Percentuali elevatissime, sia la minima che la massima, che sono
ancor più rilevanti tenendo conto che si tratta di navi madre
che approdano a Gioia Tauro per scaricare container che in massima
parte vengono trasbordati su navi più piccole per essere
distribuiti a livello regionale. Si tratta del core business di un
porto di transhipment come lo scalo calabrese che, perdendo
l'afflusso di navi madre, certamente perderebbe una assai
consistente quota di altri volumi containerizzati che sono in larga
parte legati al traffico delle full container intercontinentali di
maggiore capacità.
Che il problema sia reale, oltre a queste indicative cifre
percentuali, lo suggerisce l'avvertimento a non costruire un ponte
sullo Stretto di Messina troppo basso lanciato da Luigi Merlo, in
passato presidente dell'Autorità Portuale di Genova e
attualmente dirigente del gruppo armatoriale MSC
(
del 23
febbraio 2023).

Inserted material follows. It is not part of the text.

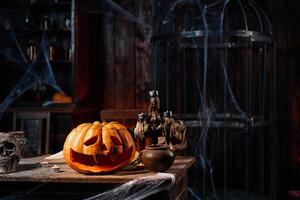 Halloween. Scary Halloween pumpkin with carved face on table in dark room with candles, spider web, and cage on background photo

MSC, oltre ad essere leader mondiale del mercato
del trasporto marittimo dei container, è la compagnia che ha
rilanciato il porto di Gioia Tauro sulla scena internazionale
portandovi le proprie navi, che tuttora rappresentano la parte
preponderante del traffico nello scalo calabrese. Ma è anche
il gruppo che gestisce l'unico container terminal del porto di Gioia
Tauro. Quindi l'avviso è evidentemente fondato su
considerazioni legate alle caratteristiche della flotta di MSC e
lascia presupporre che, se un ostacolo quale potrebbe essere il
nuovo ponte dovesse pregiudicare l'attività operativa della
flotta della compagnia, MSC potrebbe indirizzare le proprie navi
altrove.
Certo le navi di MSC, come di altre compagnie, per raggiungere
il porto di Gioia Tauro provenienti dal canale di Suez potrebbero
effettuare il periplo della Sicilia. Almeno quelle più
grandi. Tuttavia, dato che attualmente queste ultime in Italia
toccano solo Gioia Tauro, è possibile che MSC, e con lei
altre compagnie, potrebbero decidere di avvalersi piuttosto di altri
porti di transhipment mediterranei.
Questo rischio, inoltre, se è tutt'altro che remoto per
Gioia Tauro, è corso anche da altri porti italiani, sia
quelli che sono collegati da linee marittime feeder allo scalo
calabrese sia quelli che potrebbero anch'essi perdere una quota di
navi di grande capacità che non potrebbero transitare nello
Stretto di Messina.
Dato che, come sembra certo, il ponte si farà, forse già
ora è il momento di valutare il futuro scenario e, se
possibile, identificare delle contromisure.